**TASK MATERIAL:**
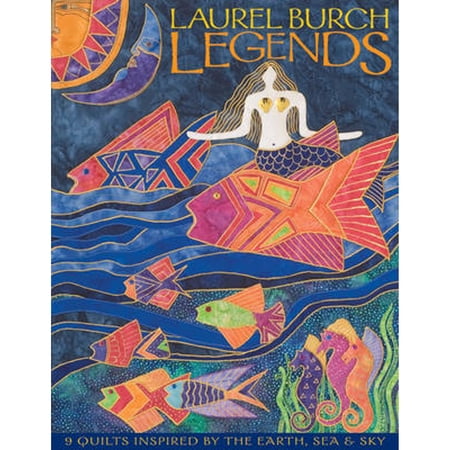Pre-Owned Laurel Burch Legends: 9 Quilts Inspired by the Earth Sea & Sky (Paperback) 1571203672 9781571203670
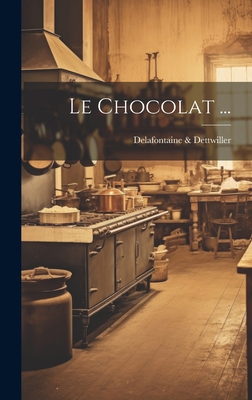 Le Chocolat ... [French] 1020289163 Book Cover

...

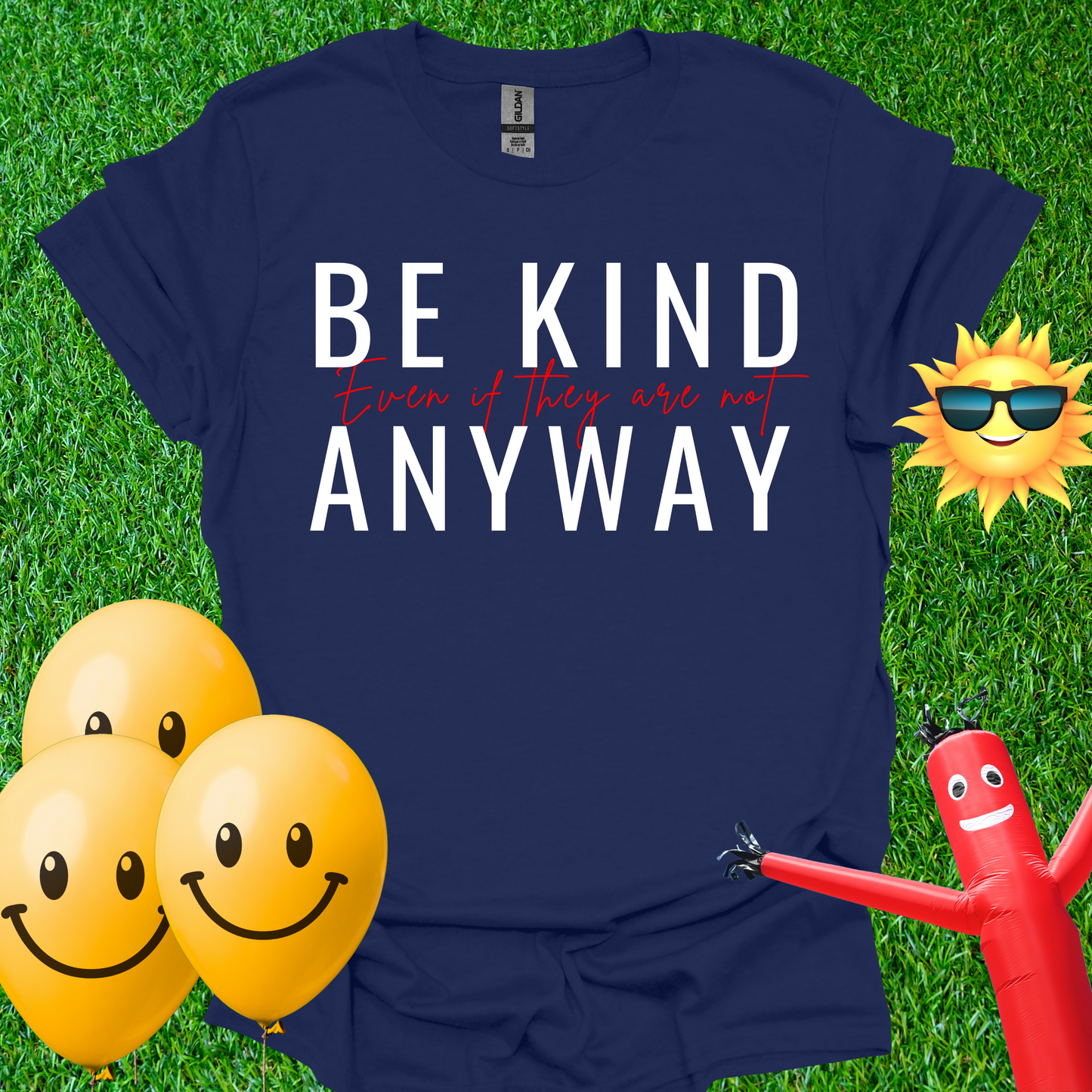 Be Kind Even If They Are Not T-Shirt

...

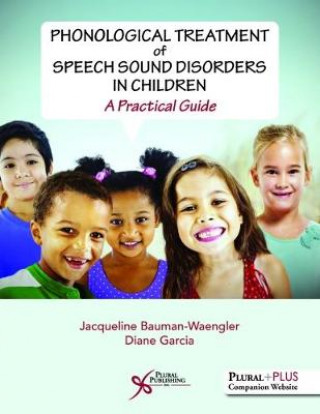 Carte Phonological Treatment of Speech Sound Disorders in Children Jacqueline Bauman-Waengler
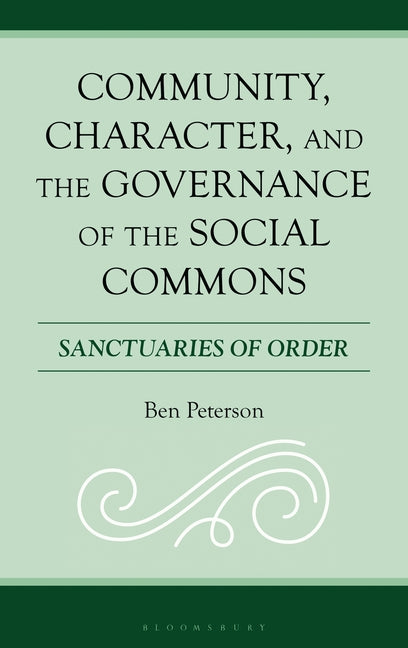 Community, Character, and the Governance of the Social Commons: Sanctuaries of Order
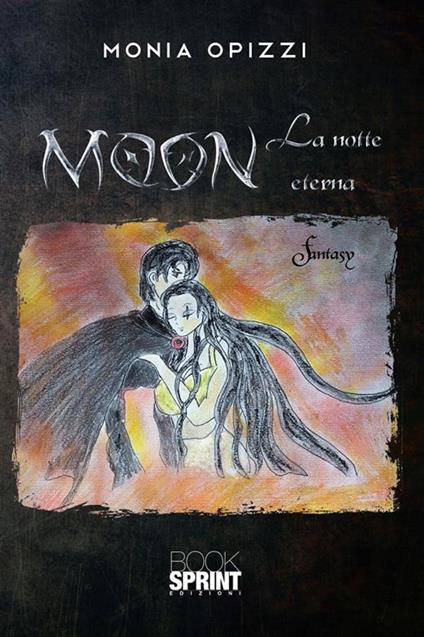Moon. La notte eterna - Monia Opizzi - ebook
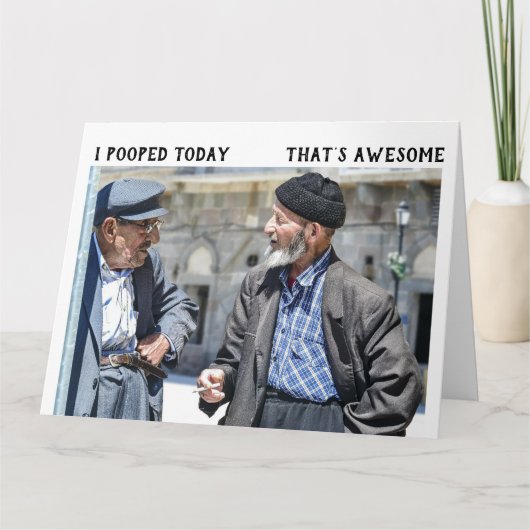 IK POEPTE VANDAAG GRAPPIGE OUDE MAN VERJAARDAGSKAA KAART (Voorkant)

**PROBLEM:** From the line holding "Community, Character, and" to the line holding "IK POEPTE VANDAAG", both included, retype the entries above exactly and drop the pictures.

**RESPONSE BELOW:**
 Community, Character, and the Governance of the Social Commons: Sanctuaries of Order
Moon. La notte eterna - Monia Opizzi - ebook
 IK POEPTE VANDAAG GRAPPIGE OUDE MAN VERJAARDAGSKAA KAART (Voorkant)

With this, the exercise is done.